Another thing to note is the pct.1 and pct.2. For Mgp, you can see that this gene is not expressed in any of the cells in the second cluster. The second cluster we picked in the FindMarkers above (i.e., ident.2) is Bone-marrow. So pct.1 = 0.928 means that 92.8 percent of the cells express this gene in bladder tissue, but this gene is NOT seen in any of the bone-marrow cells.
We can also do additional comparions using the metadata information. If someone is interested to compare 2 bladder or 2 bone marrow samples instead (coming from different batches, different labs or say different treatments), you can add another metadata column (using mutate function in R) and make those comparisons. Here, I used the already existing metadata “Batch” column to look at the differences in 2 batches of the bone-marrow samples (i.e., comparing BoneMarrow_1 to BoneMarrow_4). The below information might not mean anything, but as an example, I used this.

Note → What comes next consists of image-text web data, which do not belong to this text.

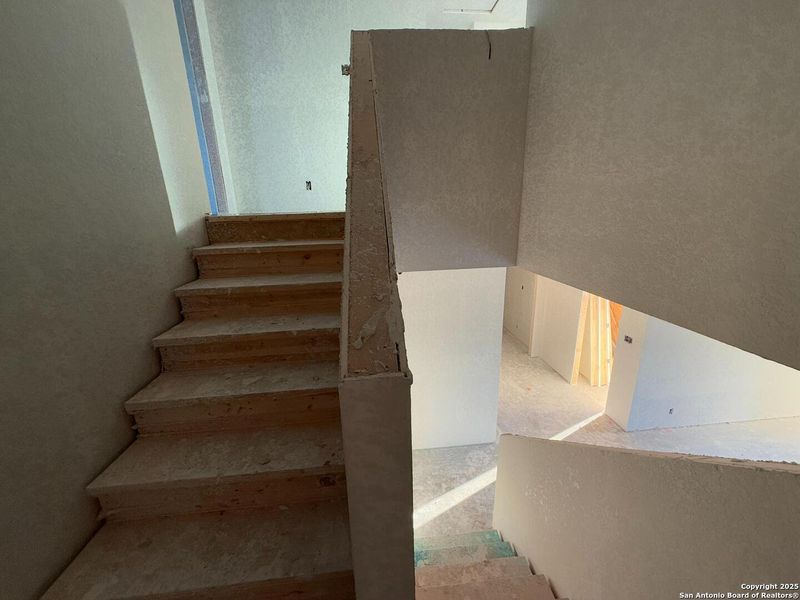 In-progress construction of a new home in The Preserve at the Wilder, Adkins, TX (Image 31).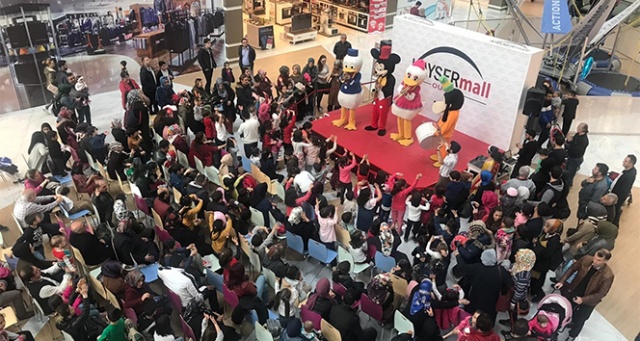 KAYSERmall‘da 23 Nisan karnavalı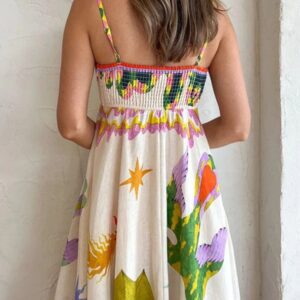 Chic And Fashionable Casual Summer Dress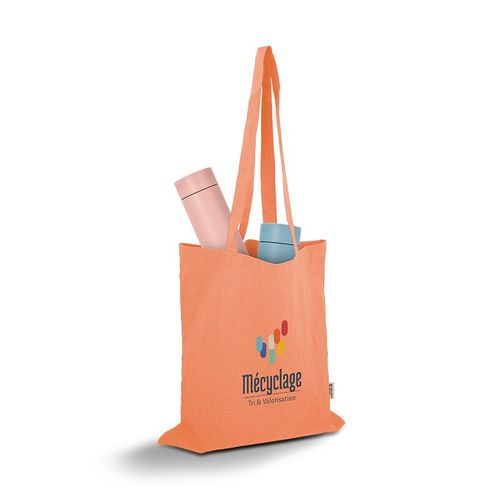 100% RECYCLED COTTON TOTE BAG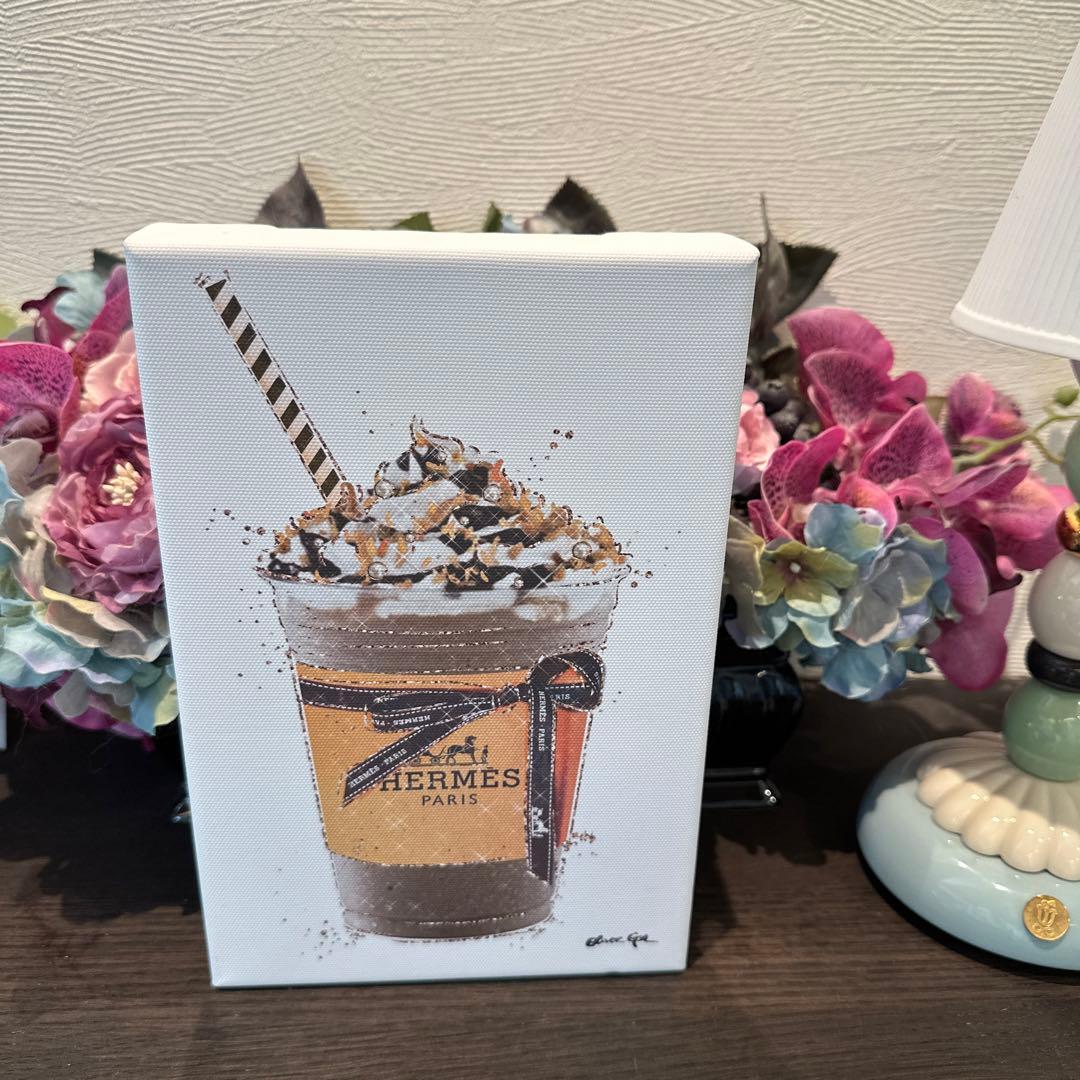 オリバー・ガル　キャンバスアート　CARAMEL AMBER DRINK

# Comparison between Batches
Markers_BoneMarrow_1_and_4_batches <- FindMarkers(mca.10K, group.by = "Batch", ident.1 = "BoneMarrow_1", ident.2 = "BoneMarrow_4")
head(Markers_BoneMarrow_1_and_4_batches)
## p_val avg_logFC pct.1 pct.2 p_val_adj
## Ftl1-ps1 0.000000e+00 2.328657 0.669 0.062 0.000000e+00
## Rps27rt 0.000000e+00 2.024656 0.471 0.013 0.000000e+00
## Gm12854 0.000000e+00 1.980651 0.392 0.005 0.000000e+00
## Gm14303 1.072558e-293 2.121924 0.527 0.037 4.274681e-289
## Gm5905 2.333793e-286 1.825317 0.498 0.031 9.301333e-282
## Gm10123 9.352412e-274 1.858993 0.384 0.011 3.727404e-269
Some genes seem to have high expression (i.e., avg_LogFC > 2 or avg_LogFC < -2), in one batch compared to other.

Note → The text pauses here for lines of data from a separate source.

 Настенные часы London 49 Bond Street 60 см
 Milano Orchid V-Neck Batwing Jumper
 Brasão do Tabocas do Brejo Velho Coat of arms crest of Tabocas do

significant_markers_batches <- Markers_BoneMarrow_1_and_4_batches[abs(Markers_BoneMarrow_1_and_4_batches$avg_logFC) >2, ]

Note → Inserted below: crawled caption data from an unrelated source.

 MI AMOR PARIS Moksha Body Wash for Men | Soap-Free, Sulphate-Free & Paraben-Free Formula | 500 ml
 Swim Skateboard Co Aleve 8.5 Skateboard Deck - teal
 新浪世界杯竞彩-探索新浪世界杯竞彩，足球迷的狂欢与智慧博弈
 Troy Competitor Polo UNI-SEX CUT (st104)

significant_markers_batches
## p_val avg_logFC pct.1 pct.2 p_val_adj
## Ftl1-ps1 0.000000e+00 2.328657 0.669 0.062 0.000000e+00
## Rps27rt 0.000000e+00 2.024656 0.471 0.013 0.000000e+00
## Gm14303 1.072558e-293 2.121924 0.527 0.037 4.274681e-289
## Igha 8.891865e-46 -2.339435 0.004 0.305 3.543853e-41
When you compare 2 batches, it seems that the Igha is up-regulated in 2nd sample i.e., BoneMarrow_4 batch. Likewise you can make other comparisons to identify the differentially expressed genes (i.e., markers) between different clusters! This is a brief analyses on how to use Seurat R packages to find the markers between 2 samples/clusters/cells of interest.
In my next blog, I will use SingleR, an R package to subtype different cells / clusters.